First Step - Request the Medicare Treatment Codes:
Use this letter ONLY if you have not been sent to collections, and
are dealing only with the hospital. If the hospital has sent you to
collections, or is threatening to do so, please use choose from
the next set of letters.
Print this page out, make copies, and send this letter to the hospital. For
your convenience this letter is also available in
WordŽ,
Rich Text File (RTF), or
plain text format.
Just fill in the information indicated, print, and mail by registered
mail.
[date]
[Institution Name]
[Institution Address]
[Institution City, State, ZIP]
[CFO Name]
Re: [Patient Name], Account [Patient Account Number], Date Admitted [Admittance
Date]
Dear Mr. [CFO Name]:
I am writing to request your full and thorough review of my account. I received
your balance due notice indicating I owe $[Amount Due] on the account. Please be
advised that I do not believe the charges to be a reasonable price for the
services rendered.
I am exercising my rights under HIPAA and demand that you provide me with a copy
of the UB-92 or UB-04 used to make decisions on my behalf and made
part of my designated record set.
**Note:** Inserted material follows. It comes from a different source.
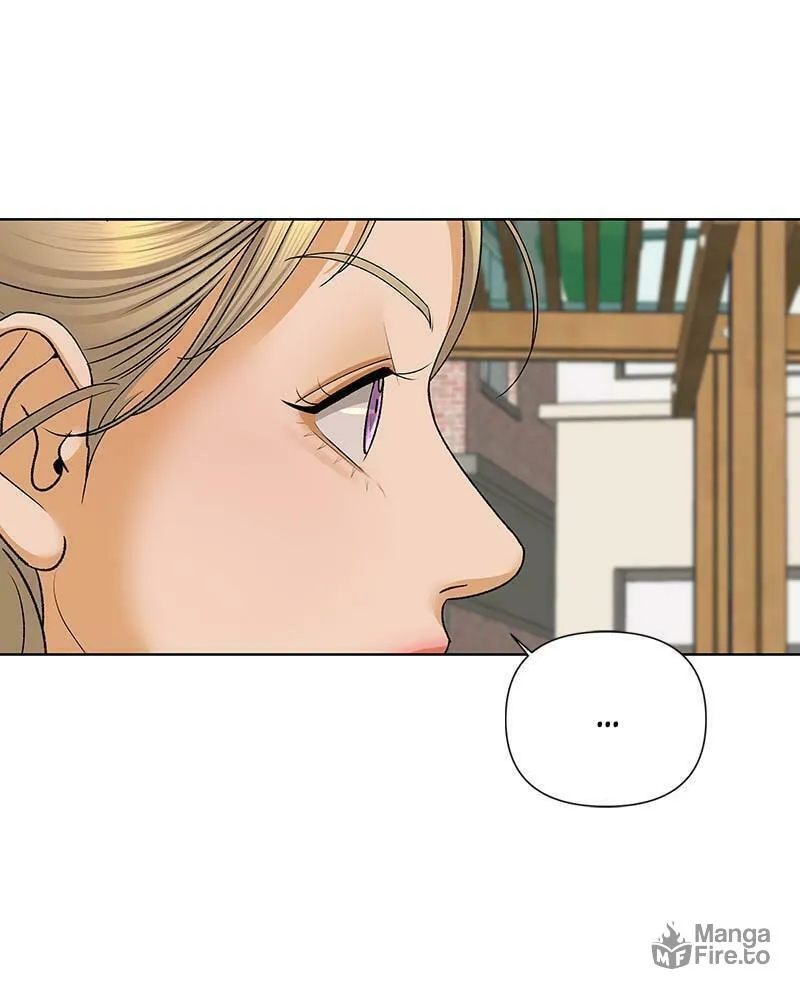Read The Fox Club chapter 41 image 49 on Lezhin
Under federal law (HIPAA), I am entitled to,
and I am demanding a copy of the financial responsibility agreement and
principle admitting, diagnosis, and treatment codes within 30 days of receipt of
this letter. If you fail to provide either document, I will file a complaint
with the Office of Civil Rights of the U.S. Department of Health and Human
Services and forward my complaint to the U.S. House Oversight and Investigations
Subcommittee.
I personally have a right by law to receive this information from you. I expect
you to comply. The requested information should be sent to my attention at the
address below. I will pay for any reasonable copy cost associated with this
request. Thank you for your prompt assistance with this matter.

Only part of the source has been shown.